Измятую шапку, худые щеки, рваный шарф вокруг шеи, ветхую куртку в нефтяных пятнах увидел Юнус, машинально взглянув в зеркало на стене.

— Каша доброго вкуснее баранины злого, — сказал он.

— Это кто же, по-твоему, злой? — спросил Шамси недоуменно. — Я, что ли?

— Пословица так говорит, — ответил Юнус сухо.

— Пословица! — буркнул Шамси. — Пословицы у тебя в голове, глупые мысли в такое время… А чем будешь кормить сестру — подумал? Хлеб стоит дорого. Жизнь на промыслах трудная, порядка там нет…

— Больше порядка, чем здесь!

— Видно, тебе тот порядок больше нравится, потому так и говоришь… Скажи лучше прямо… Может быть, и ты — Красная гвардия? Амшара! — Шамси пренебрежительно скривил рот.

— Не начинай, дядя… — сказал Юнус, стараясь сдержаться, но чувствуя, как в нем закипает гнев. — Добром прошу тебя, дядя, отдай сестру, не то…

Не так легко было отнять у Шамси даровую служанку.

— Не то?.. — переспросил он, прищурившись. — Попробуй, племянник, попробуй! — промолвил он вызывающе и двинулся на Юнуса.

— Не трогай брата! — закричала Баджи, становясь между Юнусом и Шамси. — У него в подвале есть много ружей, — шепнула она Юнусу.

Шамси опомнился.

— Замолчи!.. — сказал он строго и оттолкнул Баджи. — Неспокойное сейчас время, неспокойное… — продолжал он хмуро. — Даже дети не хотят подчиняться отцу.
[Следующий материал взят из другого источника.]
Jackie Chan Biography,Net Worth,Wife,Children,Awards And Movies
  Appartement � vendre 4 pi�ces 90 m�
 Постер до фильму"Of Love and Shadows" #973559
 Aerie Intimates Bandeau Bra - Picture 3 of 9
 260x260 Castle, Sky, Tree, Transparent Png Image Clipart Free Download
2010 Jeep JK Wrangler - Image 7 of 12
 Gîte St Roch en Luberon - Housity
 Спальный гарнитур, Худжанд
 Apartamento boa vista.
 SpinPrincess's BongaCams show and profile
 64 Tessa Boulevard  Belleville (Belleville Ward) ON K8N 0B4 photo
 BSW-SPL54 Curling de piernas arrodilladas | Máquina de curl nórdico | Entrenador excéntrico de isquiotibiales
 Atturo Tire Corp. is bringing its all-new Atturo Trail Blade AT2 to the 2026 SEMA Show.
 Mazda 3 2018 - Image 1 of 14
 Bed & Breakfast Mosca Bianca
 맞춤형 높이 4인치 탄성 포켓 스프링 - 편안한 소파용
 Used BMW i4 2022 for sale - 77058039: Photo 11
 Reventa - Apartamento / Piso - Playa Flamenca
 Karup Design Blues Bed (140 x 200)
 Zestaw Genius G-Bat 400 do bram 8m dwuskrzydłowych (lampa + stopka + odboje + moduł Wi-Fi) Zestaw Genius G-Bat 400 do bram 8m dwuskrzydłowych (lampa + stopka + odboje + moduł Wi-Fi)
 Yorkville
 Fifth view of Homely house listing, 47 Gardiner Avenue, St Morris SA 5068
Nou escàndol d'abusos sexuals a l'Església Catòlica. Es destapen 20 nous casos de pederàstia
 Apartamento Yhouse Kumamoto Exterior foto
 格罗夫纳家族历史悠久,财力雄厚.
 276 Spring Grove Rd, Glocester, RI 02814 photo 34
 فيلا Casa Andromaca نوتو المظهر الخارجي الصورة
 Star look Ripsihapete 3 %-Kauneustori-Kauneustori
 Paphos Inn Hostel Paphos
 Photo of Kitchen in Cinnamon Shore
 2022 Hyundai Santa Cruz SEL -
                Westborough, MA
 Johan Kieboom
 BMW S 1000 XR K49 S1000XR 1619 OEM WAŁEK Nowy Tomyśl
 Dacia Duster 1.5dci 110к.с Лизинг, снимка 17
Мало ли что в такое время может случиться?

— Что же может случиться? — спросил Юнус, испытующе вглядываясь в Шамси, и вдруг понял: то серьезное, страшное, о котором тот говорит, не только может случиться, но неизбежно произойдет.

Шамси подошел к Юнусу вплотную.

— Ты сын моего брата, — сказал он, понизив голос, — и я прощаю тебе дерзость, с какой ты говоришь со мной, братом твоего отца, потому что я не хочу, чтоб пролилась твоя кровь.

— Не понимаю тебя…

— Ты не должен сейчас уходить из Крепости, — произнес Шамси таинственным шепотом, — потому что русские и армяне сегодня на нас нападут.

— Выдумки все это! — перебил Юнус. — Рабочие — русские они или армяне — нам друзья!

Шамси, казалось, не слышал его.

— Вы — мои дети, — продолжал он взволнованно, — и мой долг вас защищать, а ты приходишь ко мне, второму отцу, дерзишь и грозишься силой забрать от меня мою дочь, Баджи, туда, где властвуют иноверцы, где вас убьют, как глупых ягнят!

— Выдумки все это, мусаватские выдумки! — воскликнул Юнус гневно.

Он готов был взять Баджи за руку и увести с собой, но с улицы в эту минуту послышались выстрелы.

— Ты слышишь? — спросил Шамси испуганно.

Юнус взглянул на Баджи.

«Неровен час, убьет ее на улице шальная пуля», — подумал он.

— Ладно, — молвил он, стиснув зубы. — Пусть сестра пока остается здесь! Но помни, Шамси, ты отвечаешь мне за нее головой!

— Есть пределы терпению! — вспыхнул Шамси. — Уйди-ка отсюда подобру-поздорову!

Раздался ружейный залп.

«Промысла!» — пронзило Юнуса. Махнув рукой, он побежал к выходу.

— Не бойся, сестра! — крикнул он в дверях, на миг обернувшись. — Я вернусь!

Шамси остался стоять посреди комнаты. Лицо его было искажено злобой.